You extracted the first word in this statement

const char *token = strtok_s(testString, ", ", &context);

but you did not print it. You are starting to print words in the while loop after the preceding call of strtok_s within the loop.

You need two pointers that will point to adjacent extracted strings and using these pointers you can compare first letters of the strings.
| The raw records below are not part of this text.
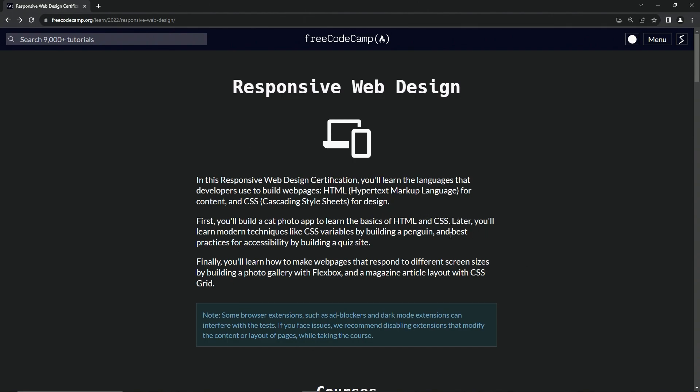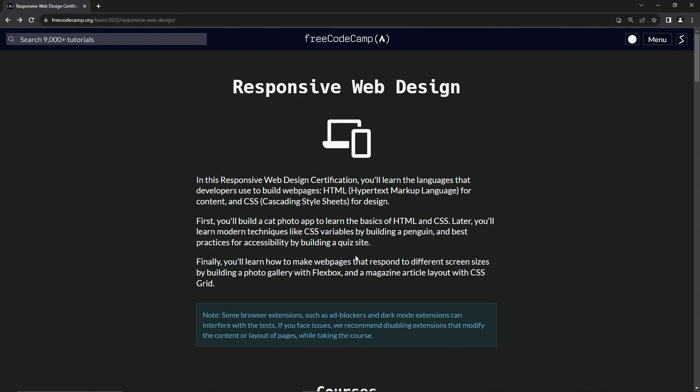Later, we'll learn modern techniques like CSS variables by building a penguin and best practices for accessibility by building a quiz site. Finally, we're going to learn how to make web pages that respond to different screen sizes by building a photo gallery with Flexbox and a magazine article layout with CSS grid.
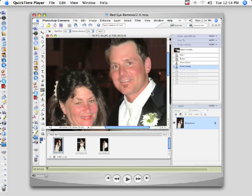I'm going to play the sample of that movie for you right now so you can watch it. Here you go.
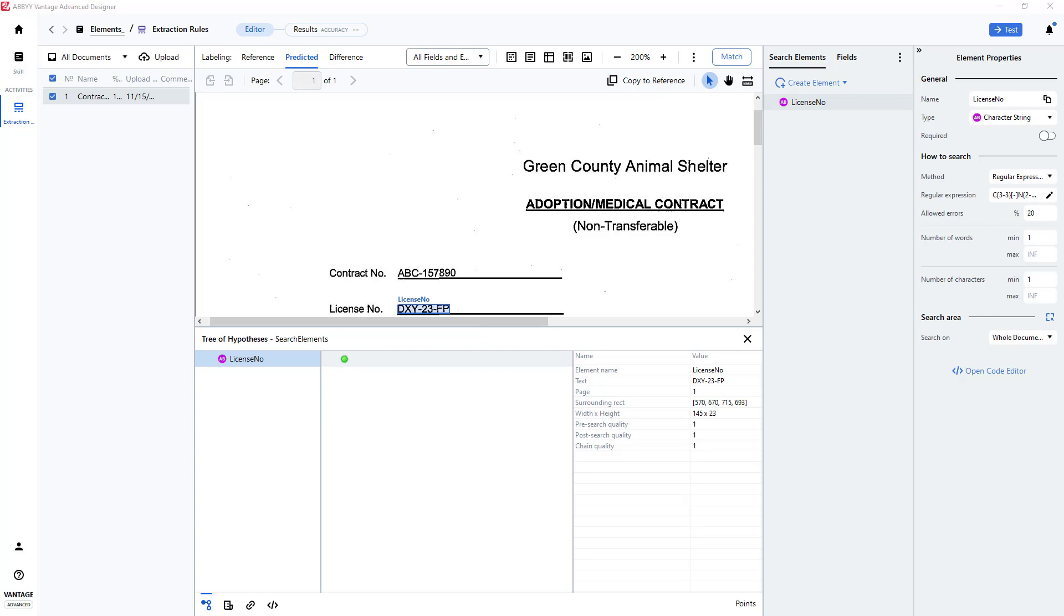The same technique can be used for finding data, such as social security numbers, and many other formatted strings. Note that wild cards can be placed in your regular expression to extend its search capabilities.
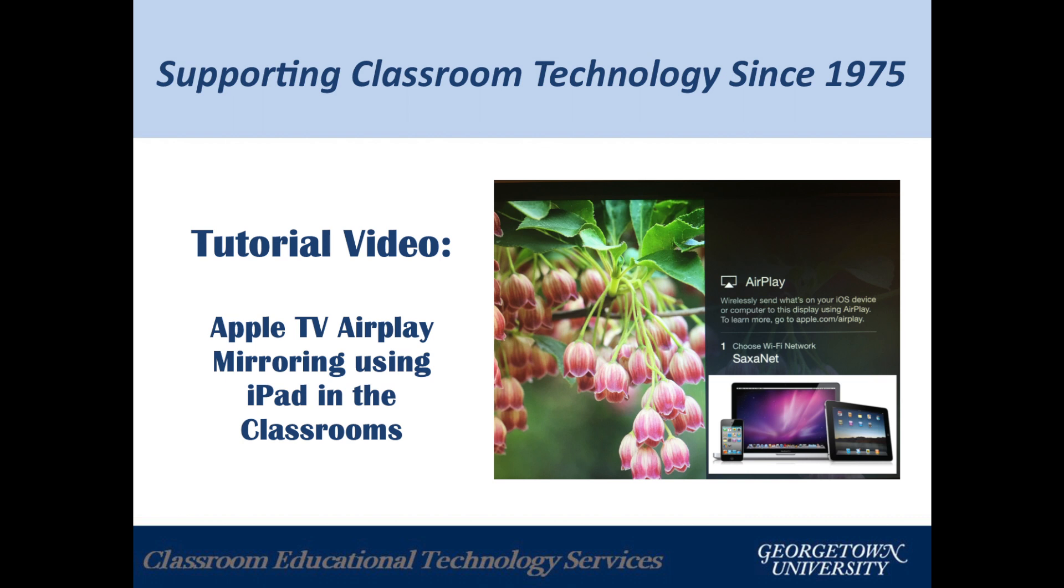Welcome to SETS Tutorials. In this video you will learn how to use AirPlay mirroring to mirror your iPad display to the Apple TV in the classroom.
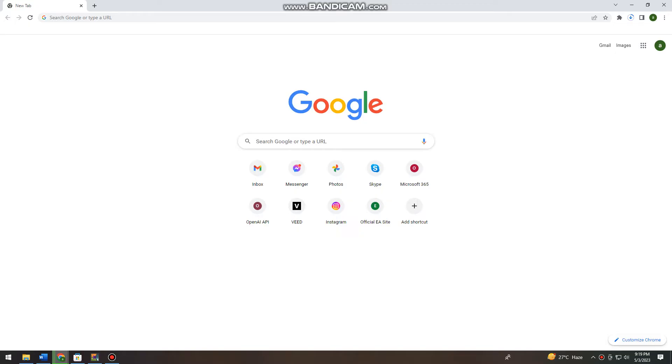So first of all, you want to open your browser and just go ahead and search for any pictures that you want.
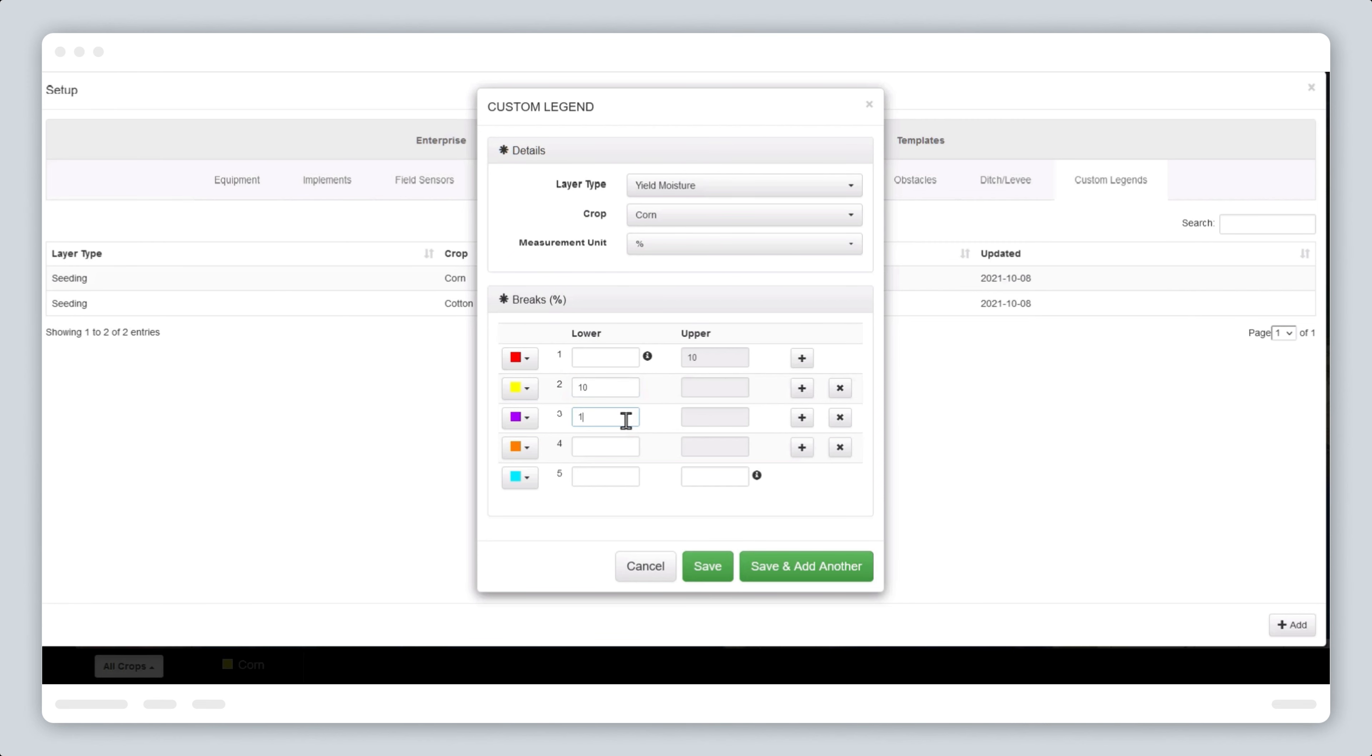Enter the break values. It is advisable to leave the first and last break values blank to allow for the full range of data to be displayed. We will use 10% for break 2, 12.5% in 3, 15% in 4, 17.5% in 5.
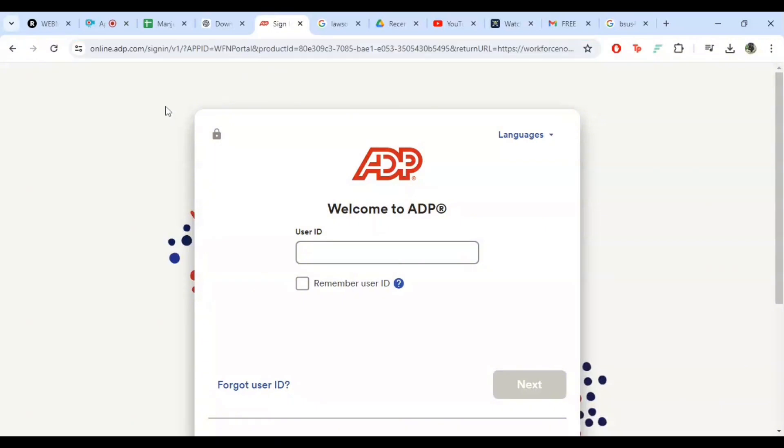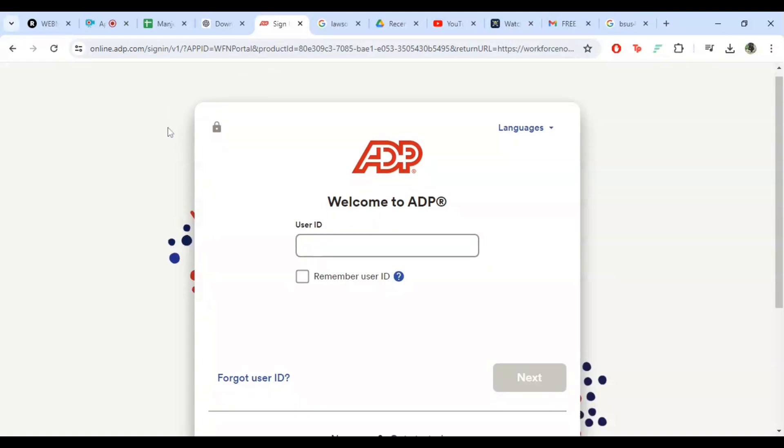Once you are on the ADP login page, you will see the login form. Here, you will need to enter your user ID and password. If you are logging in for the first time, your employer should have provided you with these credentials. Type in your user ID in the first field. Make sure to double check for any typos.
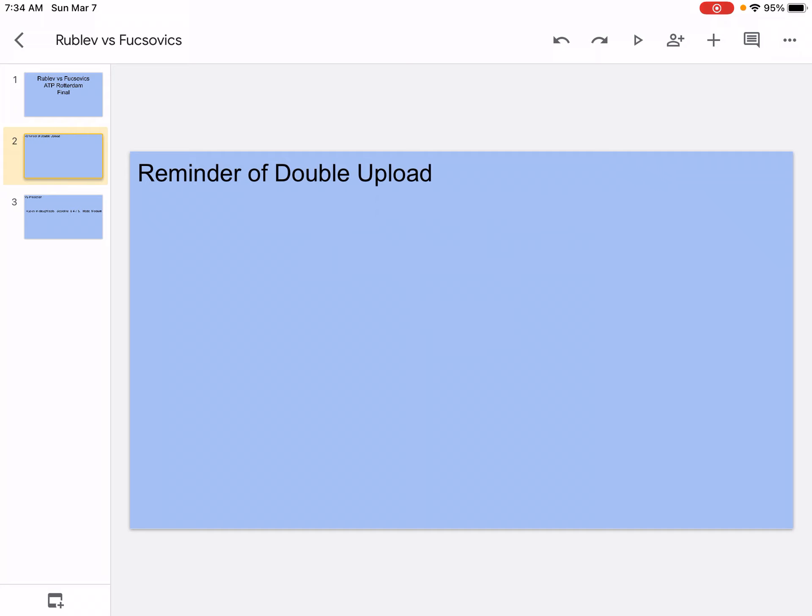Reminder of double upload. I just want to remind you guys that there's a double upload today. I'm also going to be doing an All-Star game prediction.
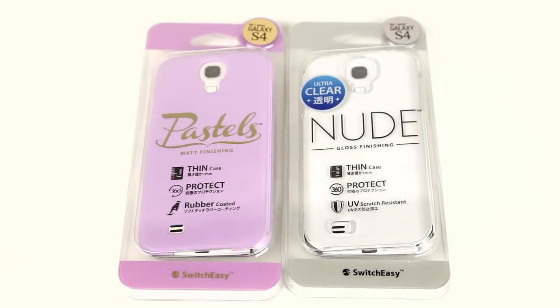Hey guys, this is Lin with TCS and today I'm going to talk to you guys about the SwitchEasy Nude and Pastel with the Galaxy S4.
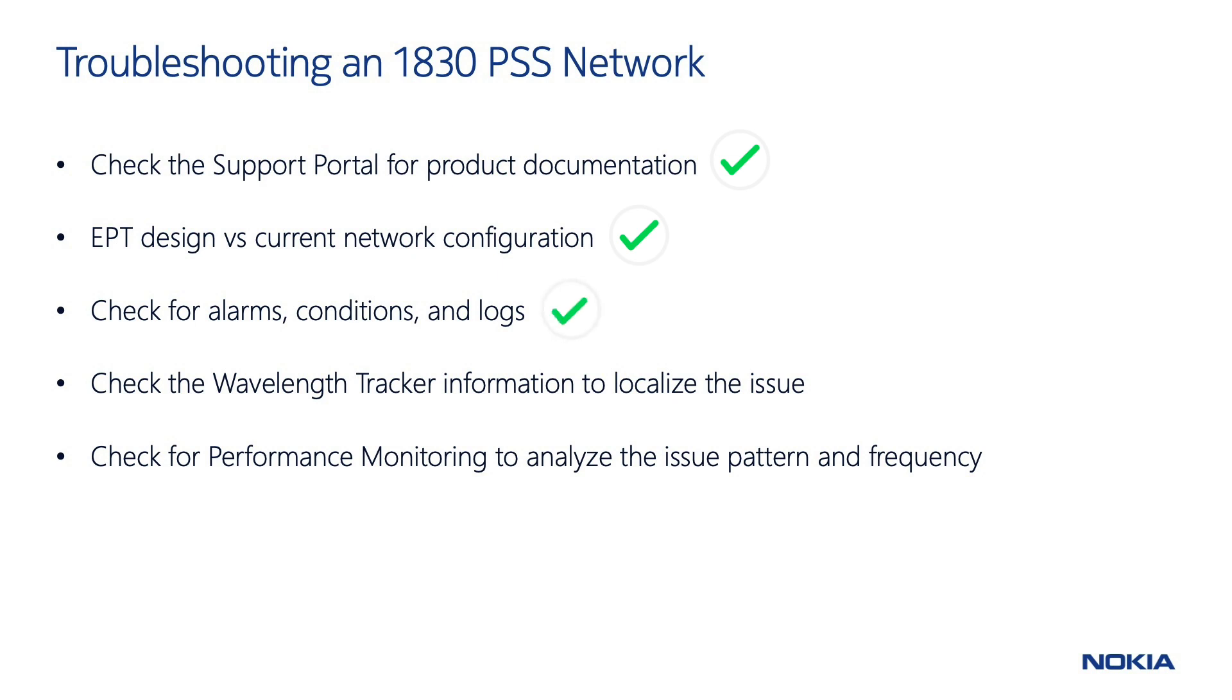Third, carefully check for alarms, conditions, and logs. Is the problem still present, or has it happened in the past?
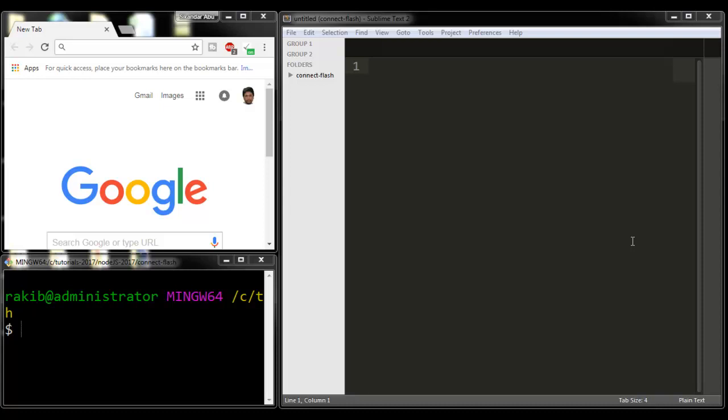Hello everyone, I am Sikandar Aburakib. Today I'm going to explain how to use connect-flash. Usually in our Node.js applications, we use connect-flash along with Express when we need to flash messages.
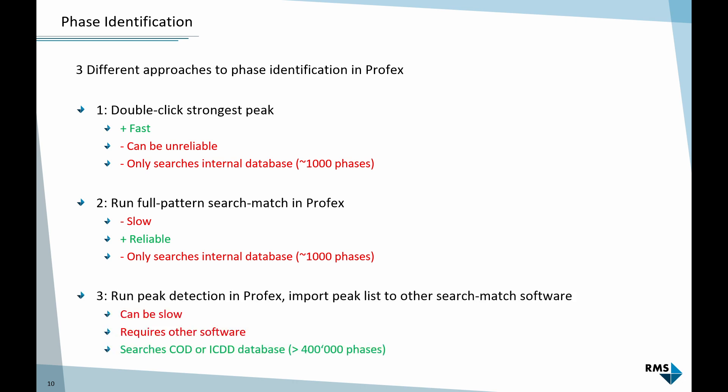If you compare this to about 400,000 phases in the commercial database or in the free COD database, it's just a tiny fraction. The second option is to use the internal full pattern search match function in Profex. We will do that afterwards. It's rather slow, but it's pretty reliable. It's also for residual search when you have found your main phases and are looking for the less abundant phases. But also it only searches in the internal database. And the third option is we can use Profex for peak detection, which is usually much better than the other software we will use for phase identification. And I will demonstrate all three approaches.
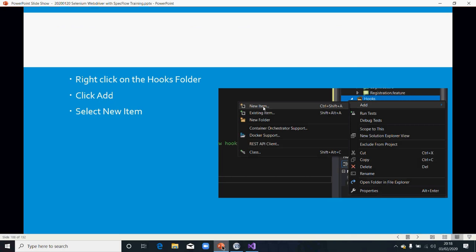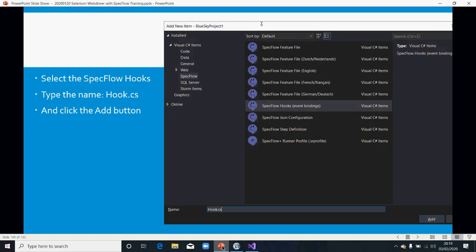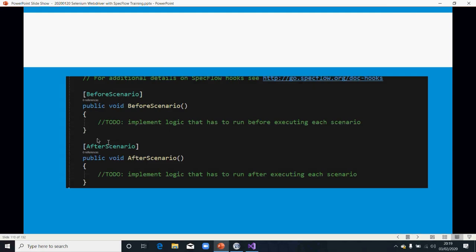To create hooks, right-click on the hooks folder we created before, click on Add, then click on New Item. When you see that screen, you click on Specflow. However, it's possible you might not see this screen — if so, you need to select Specflow to see the template. Then you can select Specflow Hooks, enter the name of your hook, for example Hooks.cs, and click on Add. Once you do that, it's going to create a skeleton snippet of the code for you.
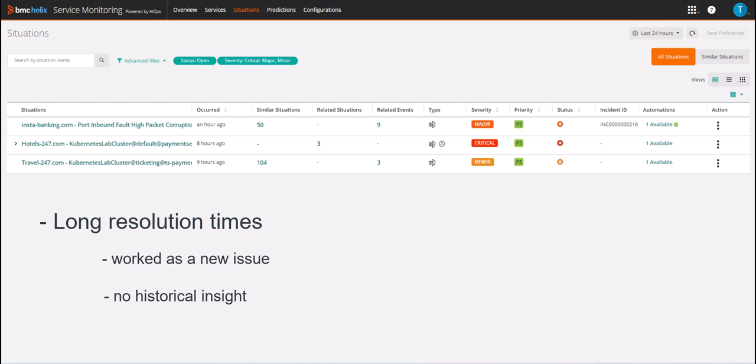In this video you will see how using similar situations in BMC AI Ops lets you solve complex problems faster, restoring your services and applications leading to better end-user satisfaction.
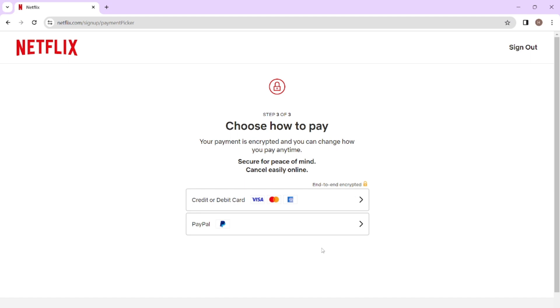That was it — that's how you can log into Netflix. Thank you for watching, and we'll meet you in the next video.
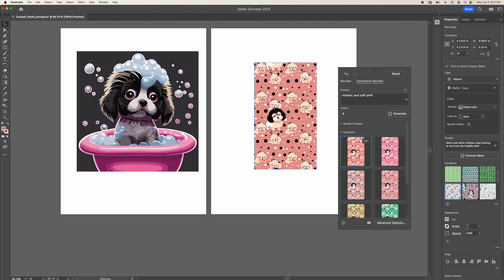So now you have this wallpaper in pink. I hope you like this short video. If you like it, please subscribe. And thank you so much for watching.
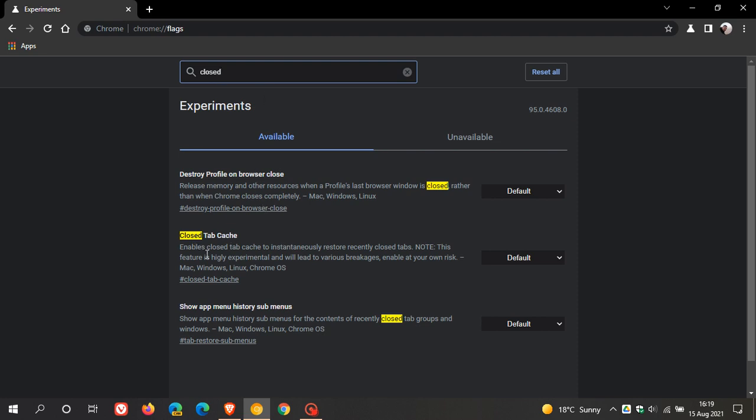And here it is, closed tab cache. Enables closed tab cache to instantaneously restore recently closed tabs. Now, take note, there's a big note in capitals. This feature is highly experimental and will lead to various breakages enabled at your own risk.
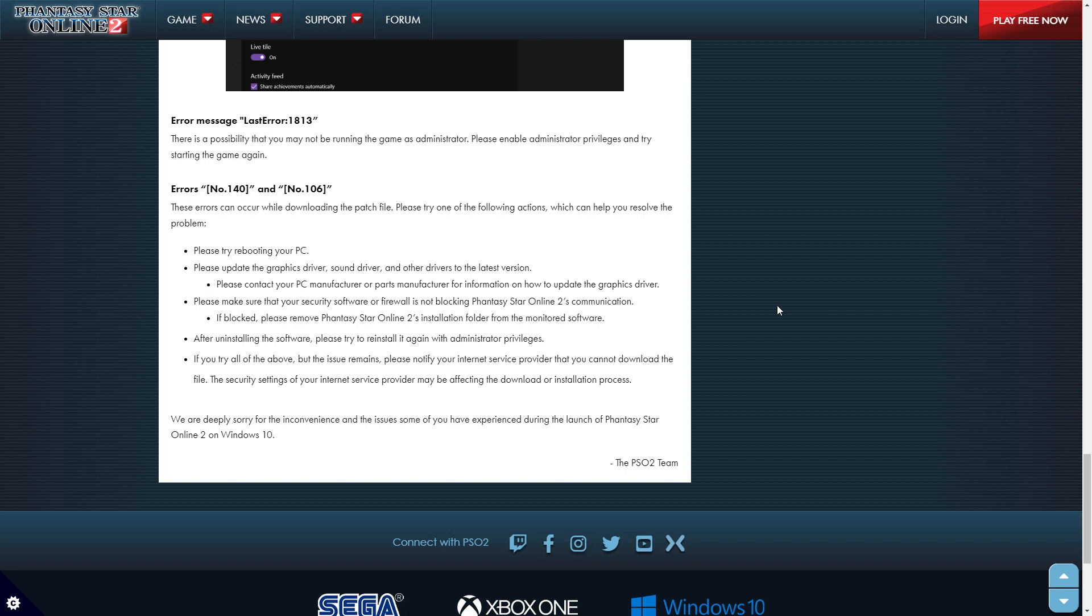But your ISP is not going to cause this. Even if you're behind 10 nats, you're going to be still able to download it. Like, you'd have to be in a college firewall. Then that'd be one thing, right?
Here is a demonstrative program (for simplicity I am using strtok instead of strtok_s)

#include <stdio.h>
#include <string.h>

int main(void) 
{
    char testString[] = "In the end, we will remember not the words "
                        "of our enemies, but the silence of our friends";
                        
    char *first_word  = NULL;
    char *second_word = NULL;
    
    const char *delim = ", ";
    
    if ( ( first_word = strtok( testString, delim ) ) != NULL )
    {
        while ( ( second_word = strtok( NULL, delim ) ) != NULL && 
                *first_word != *second_word )
        {
            first_word = second_word;           
        }
    }
    
    if ( second_word != NULL )
    {
        printf( "%s <-> %s\n", first_word, second_word );
    }
    
    return 0;
}

The program output is

we <-> will

If you want to output all such pairs of words then the program can look the following way

#include <stdio.h>
#include <string.h>

int main(void) 
{
    char testString[] = "In the end, we will remember not the words "
                        "of our enemies, but the silence of our friends";
                        
    char *first_word  = NULL;
    char *second_word = NULL;
    
    const char *delim = ", ";
    
    if ( ( first_word = strtok( testString, delim ) ) != NULL )
    {
        while ( ( second_word = strtok( NULL, delim ) ) != NULL )
        {
            if ( *first_word == *second_word )
            {
                printf( "%s <-> %s\n", first_word, second_word );
            }
            first_word = second_word;           
        }
    }

    return 0;
}

The program output is

we <-> will
of <-> our
of <-> our

However instead of using strtok or strtok_s it is much better to use an approach based on the functions strspn and strcspn. In this case you can process constant strings.